(Stored items from a collection)
******
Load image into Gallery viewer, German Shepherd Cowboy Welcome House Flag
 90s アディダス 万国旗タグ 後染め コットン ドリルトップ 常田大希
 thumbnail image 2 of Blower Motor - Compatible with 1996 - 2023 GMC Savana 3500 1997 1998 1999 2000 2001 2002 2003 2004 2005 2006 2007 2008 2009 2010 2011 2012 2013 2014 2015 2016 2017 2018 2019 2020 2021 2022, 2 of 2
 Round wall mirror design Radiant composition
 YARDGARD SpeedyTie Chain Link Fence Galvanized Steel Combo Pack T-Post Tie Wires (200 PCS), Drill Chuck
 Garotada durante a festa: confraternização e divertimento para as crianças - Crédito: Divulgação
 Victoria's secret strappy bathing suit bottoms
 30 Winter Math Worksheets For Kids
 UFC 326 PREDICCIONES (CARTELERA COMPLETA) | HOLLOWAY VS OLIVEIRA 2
******
● **Your objective**
Please print the lines from the start of the records up to and including the line with "Garotada durante a", copying each one exactly and leaving out the rest.

● **Written reply**
Load image into Gallery viewer, German Shepherd Cowboy Welcome House Flag
 90s アディダス 万国旗タグ 後染め コットン ドリルトップ 常田大希
 thumbnail image 2 of Blower Motor - Compatible with 1996 - 2023 GMC Savana 3500 1997 1998 1999 2000 2001 2002 2003 2004 2005 2006 2007 2008 2009 2010 2011 2012 2013 2014 2015 2016 2017 2018 2019 2020 2021 2022, 2 of 2
 Round wall mirror design Radiant composition
 YARDGARD SpeedyTie Chain Link Fence Galvanized Steel Combo Pack T-Post Tie Wires (200 PCS), Drill Chuck
 Garotada durante a festa: confraternização e divertimento para as crianças - Crédito: Divulgação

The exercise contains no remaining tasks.